In reviewing the Apostle John’s theme here, Archibald T. Robertson (1863-1934) states that God’s commandments are not heavy because of the power that comes with the new birth. Jesus won the victory over the world,[17] and God in us[18] gives us the victory. Even our faith. Our faith in Jesus the Anointed One is shown by our confession and conduct.[19]

In characteristic fashion, Alan England Brooke (1863-1939) sees in verse four the power each Christian has in virtue of the new birth from God. The Apostle John emphasizes the power of the new delivery rather than its possession by each individual. Everyone born of God has within themselves a force strong enough to overcome the resistance of all the world’s evil powers, which hinders them from loving God. Our faith that Jesus of Nazareth is the Messiah, the Son of God, is accepted not as an intellectual conviction but as a principle of life, overcoming the powers of the world, which contend for a different lifestyle. John must be thinking of the conversion of each community member. The most natural reference is to the definite withdrawal of the false teachers from the fellowship of the Church. There is no apparent reference to the victory of the Anointed One over the world,[20] which His followers share in virtue of their faith in so far as they unite themselves with Him.[21]

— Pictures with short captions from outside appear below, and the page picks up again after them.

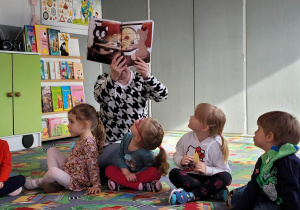 Nauczycielka pokazuje dzieciom ilustrację z książki o Misi i Misiu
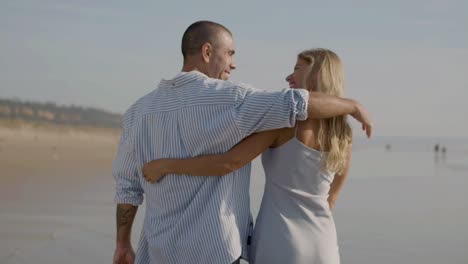 Attractive-young-couple-walking-along-seashore,-holding-hands.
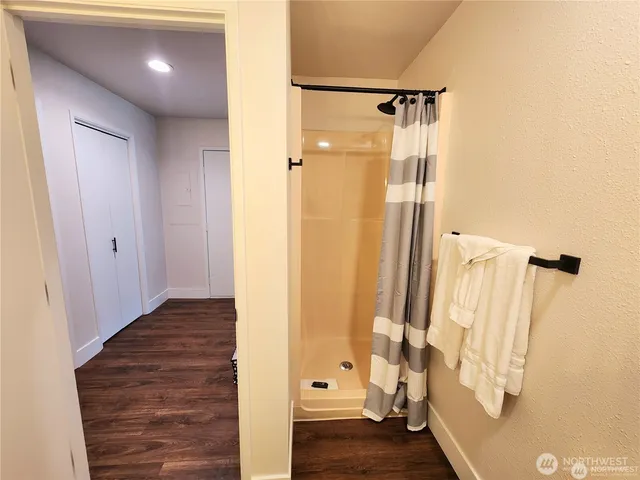 a view of a hallway with wooden floor and staircase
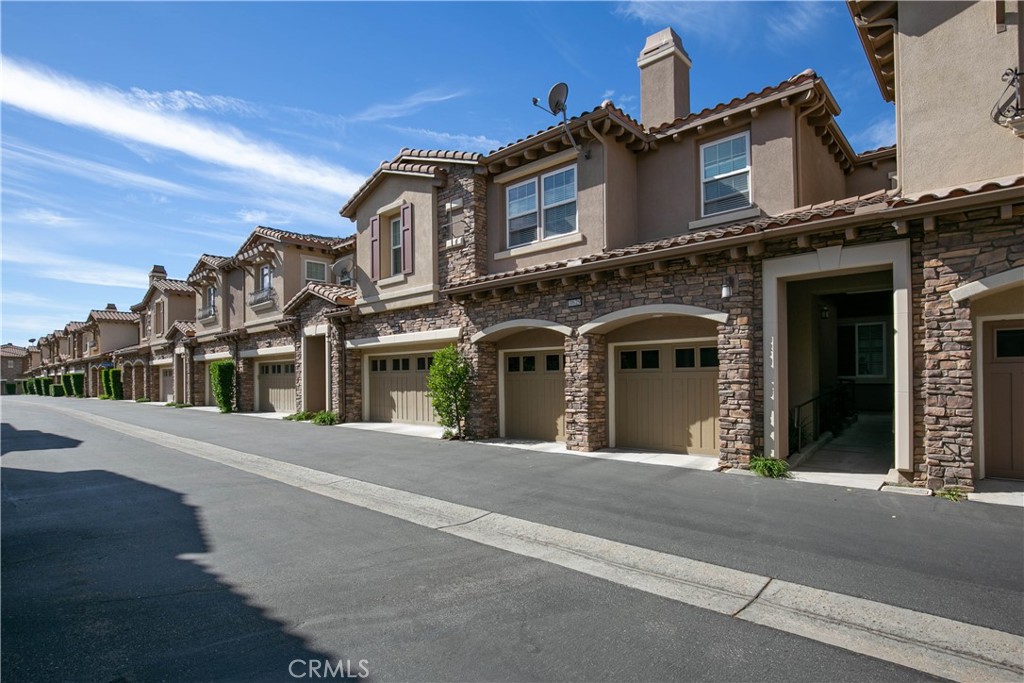 Welcome to this beautifully designed 2-story townhome offering 3 spacious bedrooms and 3.5 bathrooms. The open floor plan is filled with natural light, creating a warm and inviting atmosphere throughout. The modern kitchen boasts granite countertops, stainless steel appliances, and ample cabinetry, perfect for cooking and entertaining. All bedrooms are conveniently located upstairs, along with a laundry room for easy access. The primary suite is a true retreat, featuring a large en suite bathroom with double vanities and a walk-in closet. Enjoy the convenience of an attached 2-car garage and a private walkway leading up to the front door. Relax and unwind by the resort-style pool while taking in breathtaking views of the valley. Conveniently located near the 118 freeway.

With an eye for detail, David Smith (1866-1932) proposes that the reason why “God’s commandments are not heavy” is that our faith conquers the world by clinging to God’s eternal principles and realities. We must believe that, despite our appearance, we are God’s, and God is in us and working His saving will in us. The Apostle John begins with “conquering” because the fight is in progress, then “overcoming” because the victory is assured.[22]

As a spiritual mentor, Ronald A. Ward (1920-1986) feels that the Apostle John’s message in verse four is that everything born of God conquers the world. So that leaves the question do they overcome? One thing John know is that it is not the properties but the persons. John emphasizes the totality and the experience. This means that the key to winning was faith. In addition, John sees the victory as in the past “the victory that overcame the world,[23] and in the continuous present “overcomes the world.”[24] [25]

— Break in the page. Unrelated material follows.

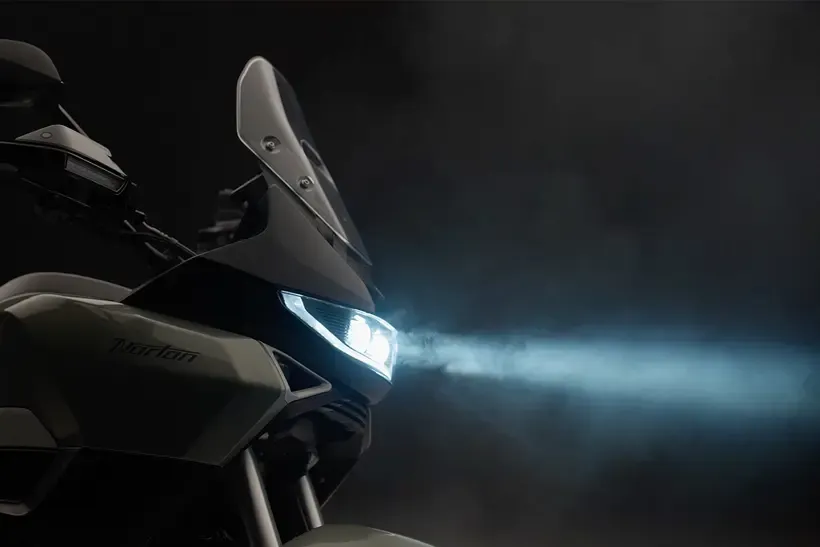 The blue led front lights of the new Norton beaming through smoke on an dark background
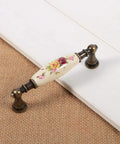 Vintage Ceramic Drawer Handles In Antique Bronze With Elegant Flower Pattern resting on wooden surface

In a somewhat confrontational way, Peter S. Ruckman (1921-2016) points out that in the KJV the Apostle John says, “whatsoever,” not “whosoever.” The Greek adjective pas means each, every, any, all, everyone, and everything. Collectively, pas implies some of all types. In his Lexicon, Strong tells us that in verse four it is neuter meaning “anything and everything.” From the context, John is not referring to trees, animals, mountains, etc., but to each child of God since they have God’s power against the evil one and his world.[26]

As a capable scripture analyst Ian Howard Marshall (1934-2015) questions that in light of all the Apostle John has said so far, how can the believer keep God’s commandments to perfection? The Apostle answers that God has given believers the power to conquer the forces of temptation that would hinder them corm carrying out His will. Everyone born of God has defeated the world by the power given to them that enables them to vanquish false prophets[27] and also empowers them to subdue the world with all its temptations. And what is this power? Faith fuels our victory. The fact that we hold steadfast faith in our hearts is the means whereby the new world’s power operates in us and allows us to subdue the world’s attractions.

It is striking that John says that we have gained control over the world. Perhaps he is thinking of the completed victory of Jesus, which repeats itself in the life of the Christian.[28] Or maybe we should take John’s meaning to be: “this is the means of victory, namely what we believe about Jesus who has already overcome the world.” To believe that Jesus has been victorious is to have the power that enables us also to win the battle, for we know that our enemy is already defeated and therefore powerless. And it is precisely faith that we need.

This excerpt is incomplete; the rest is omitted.